= Mirdha =

Mirdha is a clan of Jats, mostly found in the Marwar region of Rajasthan state.

== Mirdha family ==
The Mirdha family is a political and social dynasty from Nagaur district in the Indian state of Rajasthan. This family is known for its contributions to the cooperative movement, farmers’ rights, and political leadership in the state. Originating from the village of Kuchera in Nagaur district, the Mirdha family has played a pivotal role in shaping the socio-political landscape of Rajasthan, particularly within the Jat community. The family’s legacy spans several generations, with members holding influential positions in politics, administration, and social reform. The surname “Mirdha” is originated as a title awarded to the family for managing the postal system in Marwar, known as the “Mirdha Dak,” during the pre-independence era.

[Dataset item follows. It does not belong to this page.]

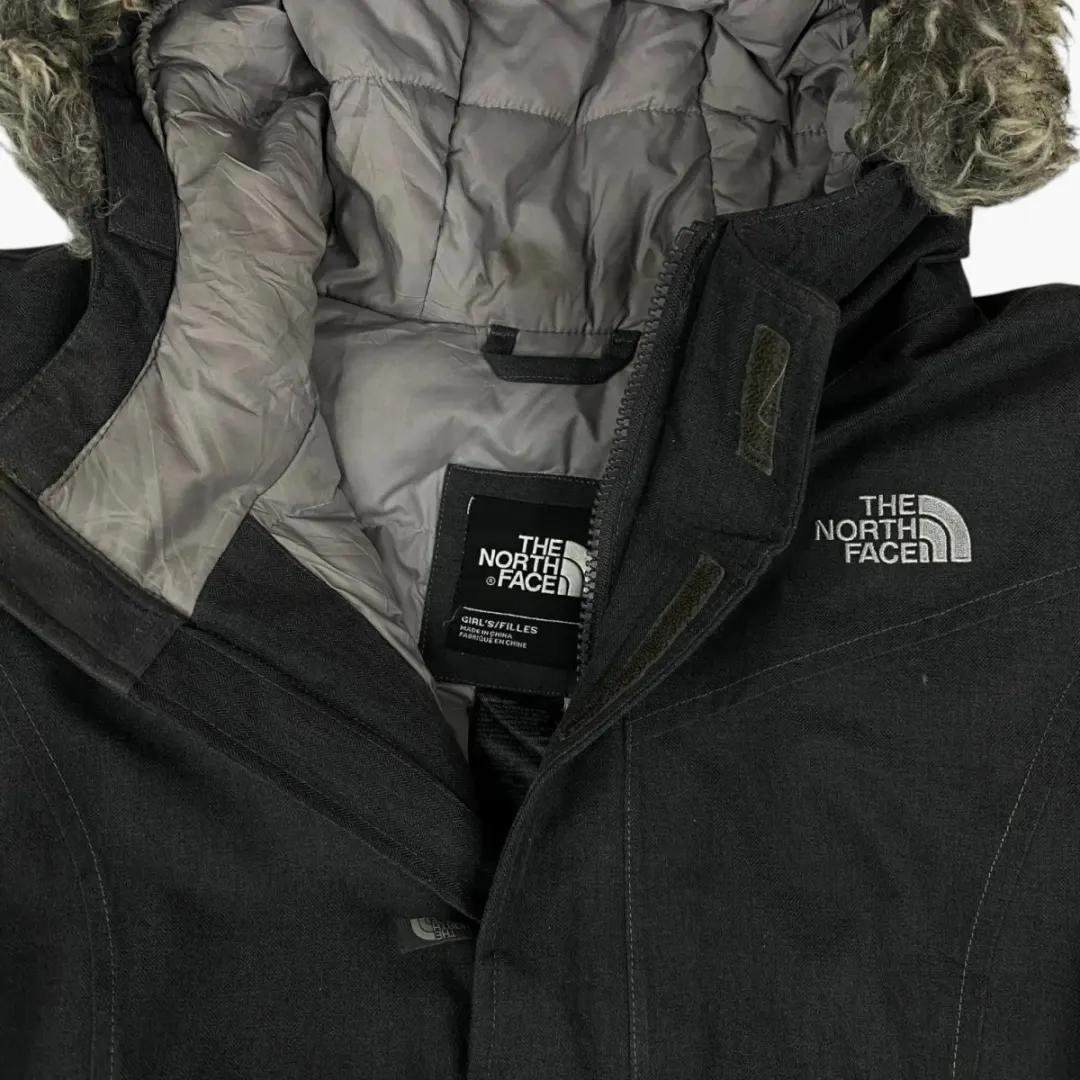 Girls The North Face Long Hooded Jacket (18 years (XL))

Notable persons of the Mirdha family of Nagaur Includes:

Baldev Ram Mirdha (1889–1953)

His leadership in the farmers’ movement earned him the title “Kisan Kesari” (Lion of the Farmers). He laid the foundation for the Mirdha family’s political and social influence, which was carried forward by his descendants. Baldev Ram had three children, including Ramniwas Mirdha.

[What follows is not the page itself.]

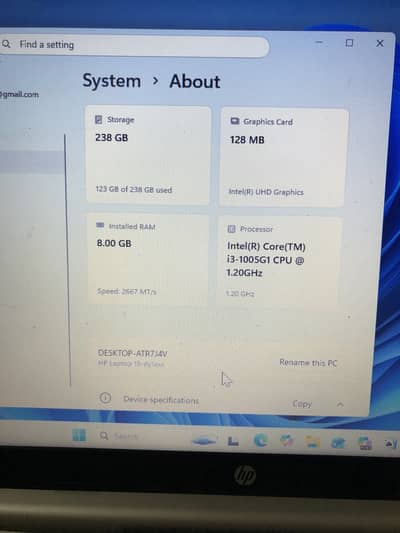 Core i3 , 10 generation,264gb, 8 gb ram 8gb, graphics card and other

Nathuram Mirdha (1921–1996)

Nathuram was the grandson of Mangla Ram Mirdha and the son of Thana Ram Mirdha, making him the nephew of Baldev Ram. Nathuram was a prominent Indian politician and a key figure in the cooperative movement. He represented the Nagaur constituency in the Lok Sabha for six terms, beginning in 1971, and was known for his resilience in maintaining political influence despite challenges, such as the anti-Congress wave of 1977. He served as a Union Minister and was the Rajasthan Congress chief. He was elected to the Rajasthan Legislative Assembly for four terms.